Hunting for wild flowers in Western Australia

A carnivorous sundew.

In early spring, Western Australia’s wild flowers draw hoards of hunters in search of a floral fix

Words & Photos: Don Fuchs

The first solid clue comes at the caravan park in Mingenew in Western Australia’s wheat belt. Word gets around that the lady at the tourism bureau in the small town of Morawa, 60 kilometres away, can provide details of the possible location of a very special plant. The chase is now on in earnest. From Mingenew it leads to Morawa and then on to Canna. Canna is no more than a grain silo along a train line, a few small houses and a Landmark grocery store. There, next to a red telephone box, is a blackboard with the following information: “Wreath flowers – 1.6 + 6km N. on NE Canna Road (see map).” Below the blackboard, tucked under an honesty jar, are photocopied maps. Thanks to a resident flower enthusiast, the search for a very elusive plant is nearing its end. A few kilometres on and true to the blackboard’s promise there they are, marked by a white plastic barrel on the road side: rings of delicate cream-coloured flowers with blushed tips growing on the gravel shoulder of the road – wreath flowers or Lechenaultia macrantha.

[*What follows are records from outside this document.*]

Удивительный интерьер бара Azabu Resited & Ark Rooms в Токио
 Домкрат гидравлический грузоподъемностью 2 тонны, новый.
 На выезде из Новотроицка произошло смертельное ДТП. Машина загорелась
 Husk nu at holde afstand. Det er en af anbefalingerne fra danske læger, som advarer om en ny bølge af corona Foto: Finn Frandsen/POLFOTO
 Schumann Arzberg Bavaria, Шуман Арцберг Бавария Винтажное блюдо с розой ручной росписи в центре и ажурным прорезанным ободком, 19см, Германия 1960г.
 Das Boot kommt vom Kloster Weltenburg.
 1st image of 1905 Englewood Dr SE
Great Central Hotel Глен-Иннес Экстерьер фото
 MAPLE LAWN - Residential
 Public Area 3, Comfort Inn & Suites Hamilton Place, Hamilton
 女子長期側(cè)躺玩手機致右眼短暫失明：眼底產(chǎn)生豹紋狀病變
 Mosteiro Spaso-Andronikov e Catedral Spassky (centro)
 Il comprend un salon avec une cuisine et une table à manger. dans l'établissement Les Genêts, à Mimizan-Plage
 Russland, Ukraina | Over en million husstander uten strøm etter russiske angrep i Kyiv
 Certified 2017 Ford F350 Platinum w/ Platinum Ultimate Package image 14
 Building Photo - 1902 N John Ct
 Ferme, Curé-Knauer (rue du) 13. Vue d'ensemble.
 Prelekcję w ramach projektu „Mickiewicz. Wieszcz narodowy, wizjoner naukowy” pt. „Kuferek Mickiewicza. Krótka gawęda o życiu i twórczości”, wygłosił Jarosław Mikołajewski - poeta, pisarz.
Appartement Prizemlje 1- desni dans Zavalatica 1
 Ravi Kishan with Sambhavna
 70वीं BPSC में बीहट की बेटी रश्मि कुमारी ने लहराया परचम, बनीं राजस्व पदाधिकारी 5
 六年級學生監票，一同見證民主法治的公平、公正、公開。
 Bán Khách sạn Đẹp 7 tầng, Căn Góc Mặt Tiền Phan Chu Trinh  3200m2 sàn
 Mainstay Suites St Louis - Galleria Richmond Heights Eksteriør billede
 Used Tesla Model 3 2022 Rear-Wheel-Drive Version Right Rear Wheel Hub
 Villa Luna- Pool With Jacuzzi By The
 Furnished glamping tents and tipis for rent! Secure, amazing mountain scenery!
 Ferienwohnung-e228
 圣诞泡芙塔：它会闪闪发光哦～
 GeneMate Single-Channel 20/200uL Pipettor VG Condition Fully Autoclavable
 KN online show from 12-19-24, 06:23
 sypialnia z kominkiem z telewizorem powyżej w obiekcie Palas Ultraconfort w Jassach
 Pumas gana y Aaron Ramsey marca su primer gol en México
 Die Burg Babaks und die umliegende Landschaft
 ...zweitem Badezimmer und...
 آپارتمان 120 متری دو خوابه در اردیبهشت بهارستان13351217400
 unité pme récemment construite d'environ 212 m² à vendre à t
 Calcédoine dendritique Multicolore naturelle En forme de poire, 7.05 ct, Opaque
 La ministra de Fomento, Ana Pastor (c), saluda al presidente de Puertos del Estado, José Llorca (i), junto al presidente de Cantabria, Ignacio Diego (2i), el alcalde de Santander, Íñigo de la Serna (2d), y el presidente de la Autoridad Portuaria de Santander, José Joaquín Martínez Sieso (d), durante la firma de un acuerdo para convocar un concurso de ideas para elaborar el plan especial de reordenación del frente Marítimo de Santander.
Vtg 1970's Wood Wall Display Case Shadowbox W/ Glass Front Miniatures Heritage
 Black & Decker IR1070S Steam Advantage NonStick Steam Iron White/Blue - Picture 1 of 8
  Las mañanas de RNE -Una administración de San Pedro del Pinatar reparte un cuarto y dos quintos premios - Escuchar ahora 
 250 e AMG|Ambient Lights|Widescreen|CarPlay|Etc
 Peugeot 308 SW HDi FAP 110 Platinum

The wreath flower is a famous trophy flower, sought after by those who get their kicks out of chasing rare and unusual plants. I’m one of them and Western Australia during the wild-flower season is heaven. Australia’s largest state boasts more than 12,000 species of wild flowers. More than 60 per cent of these plants are found nowhere else in the world. The elusive ring-shaped lechenaultia is one of them. The challenge for flower chasers is not just to find one, it is also to get the timing right – its flowering season varies from just one to four weeks, at best.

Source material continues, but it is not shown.